● **TASK STATEMENT**:
Find the line with "a kitchen with stainless" in the entries below. Repeat it, every following line, and the line with "Image of two make up brushes", exactly and with nothing added.

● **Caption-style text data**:
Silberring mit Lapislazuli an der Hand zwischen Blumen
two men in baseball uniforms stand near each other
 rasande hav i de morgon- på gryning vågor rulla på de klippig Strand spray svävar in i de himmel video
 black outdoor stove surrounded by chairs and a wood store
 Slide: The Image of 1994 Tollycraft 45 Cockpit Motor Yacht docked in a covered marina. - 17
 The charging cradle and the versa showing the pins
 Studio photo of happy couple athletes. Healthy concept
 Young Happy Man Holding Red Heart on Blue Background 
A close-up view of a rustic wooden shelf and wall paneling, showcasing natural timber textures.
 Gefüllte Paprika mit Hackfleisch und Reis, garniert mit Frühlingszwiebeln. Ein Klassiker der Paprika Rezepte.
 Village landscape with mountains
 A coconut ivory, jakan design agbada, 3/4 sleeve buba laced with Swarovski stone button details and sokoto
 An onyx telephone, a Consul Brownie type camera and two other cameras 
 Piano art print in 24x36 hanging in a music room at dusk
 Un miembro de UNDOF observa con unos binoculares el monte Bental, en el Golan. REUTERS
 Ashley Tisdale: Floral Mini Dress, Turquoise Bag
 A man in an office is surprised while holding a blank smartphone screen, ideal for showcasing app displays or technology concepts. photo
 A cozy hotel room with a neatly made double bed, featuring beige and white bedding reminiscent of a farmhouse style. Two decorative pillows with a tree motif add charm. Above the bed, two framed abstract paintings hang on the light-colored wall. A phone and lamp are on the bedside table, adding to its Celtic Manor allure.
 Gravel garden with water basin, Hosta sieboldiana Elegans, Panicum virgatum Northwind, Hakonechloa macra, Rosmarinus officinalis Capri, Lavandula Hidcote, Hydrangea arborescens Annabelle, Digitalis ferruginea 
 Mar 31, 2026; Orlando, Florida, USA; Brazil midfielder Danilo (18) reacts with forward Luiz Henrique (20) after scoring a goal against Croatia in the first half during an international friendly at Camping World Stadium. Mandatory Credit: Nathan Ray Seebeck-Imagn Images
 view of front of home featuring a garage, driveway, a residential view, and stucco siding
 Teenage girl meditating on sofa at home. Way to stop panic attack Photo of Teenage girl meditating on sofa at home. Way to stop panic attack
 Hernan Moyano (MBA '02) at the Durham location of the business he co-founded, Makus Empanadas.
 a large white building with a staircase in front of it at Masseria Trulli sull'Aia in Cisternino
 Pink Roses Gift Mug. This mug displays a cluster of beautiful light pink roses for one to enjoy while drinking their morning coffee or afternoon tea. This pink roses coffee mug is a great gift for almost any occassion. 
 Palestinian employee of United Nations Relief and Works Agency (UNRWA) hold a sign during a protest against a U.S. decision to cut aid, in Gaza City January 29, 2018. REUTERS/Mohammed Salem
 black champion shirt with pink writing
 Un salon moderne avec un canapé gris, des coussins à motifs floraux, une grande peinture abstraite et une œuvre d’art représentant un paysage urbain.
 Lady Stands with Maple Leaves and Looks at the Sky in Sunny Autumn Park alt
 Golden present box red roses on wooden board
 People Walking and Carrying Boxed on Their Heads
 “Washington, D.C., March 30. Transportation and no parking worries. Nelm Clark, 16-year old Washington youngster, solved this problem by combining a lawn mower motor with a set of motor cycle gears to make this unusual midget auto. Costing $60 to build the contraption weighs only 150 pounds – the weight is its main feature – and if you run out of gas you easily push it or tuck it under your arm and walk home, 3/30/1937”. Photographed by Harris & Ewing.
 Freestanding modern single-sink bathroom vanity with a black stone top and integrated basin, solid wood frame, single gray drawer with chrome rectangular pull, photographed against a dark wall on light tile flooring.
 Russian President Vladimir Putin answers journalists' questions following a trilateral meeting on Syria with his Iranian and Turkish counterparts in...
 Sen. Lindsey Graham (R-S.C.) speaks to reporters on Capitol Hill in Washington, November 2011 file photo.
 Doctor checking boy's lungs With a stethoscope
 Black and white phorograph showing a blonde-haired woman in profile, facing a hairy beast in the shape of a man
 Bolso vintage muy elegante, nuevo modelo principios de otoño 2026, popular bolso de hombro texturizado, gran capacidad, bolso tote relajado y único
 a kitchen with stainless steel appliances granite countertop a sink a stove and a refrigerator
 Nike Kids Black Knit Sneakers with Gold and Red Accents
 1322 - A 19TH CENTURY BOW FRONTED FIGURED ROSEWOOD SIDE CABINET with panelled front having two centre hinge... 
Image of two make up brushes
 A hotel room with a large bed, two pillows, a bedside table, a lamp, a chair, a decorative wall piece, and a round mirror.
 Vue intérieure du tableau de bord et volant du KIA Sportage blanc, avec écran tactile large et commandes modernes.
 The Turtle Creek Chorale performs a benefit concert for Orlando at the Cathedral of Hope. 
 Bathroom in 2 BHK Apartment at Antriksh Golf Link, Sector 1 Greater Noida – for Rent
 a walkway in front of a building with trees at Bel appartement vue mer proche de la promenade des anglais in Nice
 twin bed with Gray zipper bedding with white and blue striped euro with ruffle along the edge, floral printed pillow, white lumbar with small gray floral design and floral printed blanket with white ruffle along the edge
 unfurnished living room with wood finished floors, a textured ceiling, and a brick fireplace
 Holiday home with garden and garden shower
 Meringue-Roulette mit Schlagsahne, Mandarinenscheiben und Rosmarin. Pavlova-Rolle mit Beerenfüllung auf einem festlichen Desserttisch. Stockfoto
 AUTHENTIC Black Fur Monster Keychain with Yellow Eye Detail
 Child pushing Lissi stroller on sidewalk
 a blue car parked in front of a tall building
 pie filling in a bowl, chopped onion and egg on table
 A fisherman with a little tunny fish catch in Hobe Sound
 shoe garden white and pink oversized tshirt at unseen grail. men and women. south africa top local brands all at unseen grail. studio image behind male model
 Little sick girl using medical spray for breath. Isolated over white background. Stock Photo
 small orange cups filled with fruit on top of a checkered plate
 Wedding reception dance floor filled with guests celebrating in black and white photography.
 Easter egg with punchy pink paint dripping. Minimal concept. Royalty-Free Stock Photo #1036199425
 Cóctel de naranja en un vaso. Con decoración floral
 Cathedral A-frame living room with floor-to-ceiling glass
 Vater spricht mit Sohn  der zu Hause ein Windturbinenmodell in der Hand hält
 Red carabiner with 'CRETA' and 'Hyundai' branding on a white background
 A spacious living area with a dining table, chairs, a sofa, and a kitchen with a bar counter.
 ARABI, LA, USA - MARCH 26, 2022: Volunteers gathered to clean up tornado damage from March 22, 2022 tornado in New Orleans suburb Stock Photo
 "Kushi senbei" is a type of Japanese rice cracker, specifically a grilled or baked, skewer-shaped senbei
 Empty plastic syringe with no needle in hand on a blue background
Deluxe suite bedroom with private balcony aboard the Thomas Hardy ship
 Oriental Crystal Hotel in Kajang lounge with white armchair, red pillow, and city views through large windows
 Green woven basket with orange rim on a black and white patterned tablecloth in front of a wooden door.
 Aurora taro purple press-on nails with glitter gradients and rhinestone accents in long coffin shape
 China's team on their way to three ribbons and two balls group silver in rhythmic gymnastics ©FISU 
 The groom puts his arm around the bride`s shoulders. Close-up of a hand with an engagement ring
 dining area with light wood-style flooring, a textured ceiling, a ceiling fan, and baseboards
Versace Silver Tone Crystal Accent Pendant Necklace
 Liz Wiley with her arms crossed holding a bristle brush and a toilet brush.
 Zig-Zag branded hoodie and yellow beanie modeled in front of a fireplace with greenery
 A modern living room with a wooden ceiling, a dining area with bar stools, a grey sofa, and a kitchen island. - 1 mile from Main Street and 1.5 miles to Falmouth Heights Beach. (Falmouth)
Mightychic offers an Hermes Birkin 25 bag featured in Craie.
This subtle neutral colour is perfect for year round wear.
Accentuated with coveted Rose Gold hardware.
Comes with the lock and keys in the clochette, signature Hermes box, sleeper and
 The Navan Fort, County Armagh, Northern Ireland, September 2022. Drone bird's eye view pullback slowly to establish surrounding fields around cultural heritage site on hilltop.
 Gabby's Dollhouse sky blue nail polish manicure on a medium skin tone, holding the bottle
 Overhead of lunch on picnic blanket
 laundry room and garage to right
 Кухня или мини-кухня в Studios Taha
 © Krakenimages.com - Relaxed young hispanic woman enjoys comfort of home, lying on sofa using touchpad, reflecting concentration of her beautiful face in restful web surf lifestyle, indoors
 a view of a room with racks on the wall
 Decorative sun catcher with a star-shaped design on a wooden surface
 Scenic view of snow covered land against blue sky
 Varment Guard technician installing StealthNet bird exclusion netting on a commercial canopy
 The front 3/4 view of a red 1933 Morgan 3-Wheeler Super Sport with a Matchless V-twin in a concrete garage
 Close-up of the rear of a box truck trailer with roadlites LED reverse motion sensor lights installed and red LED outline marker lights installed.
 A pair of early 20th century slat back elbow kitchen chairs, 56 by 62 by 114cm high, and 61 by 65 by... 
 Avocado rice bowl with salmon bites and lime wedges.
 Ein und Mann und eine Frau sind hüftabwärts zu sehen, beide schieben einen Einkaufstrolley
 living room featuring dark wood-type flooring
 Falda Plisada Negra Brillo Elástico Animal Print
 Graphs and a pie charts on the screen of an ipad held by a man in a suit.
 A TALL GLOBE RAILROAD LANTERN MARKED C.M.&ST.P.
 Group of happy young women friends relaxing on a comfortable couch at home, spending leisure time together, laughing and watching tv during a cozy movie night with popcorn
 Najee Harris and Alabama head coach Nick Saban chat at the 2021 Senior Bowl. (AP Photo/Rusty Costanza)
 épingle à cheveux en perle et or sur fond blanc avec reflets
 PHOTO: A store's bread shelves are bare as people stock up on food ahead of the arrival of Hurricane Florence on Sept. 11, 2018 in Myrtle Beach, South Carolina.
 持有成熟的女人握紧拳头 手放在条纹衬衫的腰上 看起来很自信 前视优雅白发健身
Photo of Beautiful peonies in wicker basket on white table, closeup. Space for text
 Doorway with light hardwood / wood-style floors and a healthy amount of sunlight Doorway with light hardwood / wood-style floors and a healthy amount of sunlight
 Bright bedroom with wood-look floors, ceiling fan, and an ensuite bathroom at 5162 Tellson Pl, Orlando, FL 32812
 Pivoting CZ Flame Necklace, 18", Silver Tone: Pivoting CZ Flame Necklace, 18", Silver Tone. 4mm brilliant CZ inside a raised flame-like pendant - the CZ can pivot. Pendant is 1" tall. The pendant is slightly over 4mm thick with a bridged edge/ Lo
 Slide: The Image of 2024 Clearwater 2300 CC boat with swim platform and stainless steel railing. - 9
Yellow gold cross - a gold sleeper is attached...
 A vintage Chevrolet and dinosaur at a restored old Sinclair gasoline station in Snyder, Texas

● **EXERCISE OUTPUT**:
 a kitchen with stainless steel appliances granite countertop a sink a stove and a refrigerator
 Nike Kids Black Knit Sneakers with Gold and Red Accents
 1322 - A 19TH CENTURY BOW FRONTED FIGURED ROSEWOOD SIDE CABINET with panelled front having two centre hinge... 
Image of two make up brushes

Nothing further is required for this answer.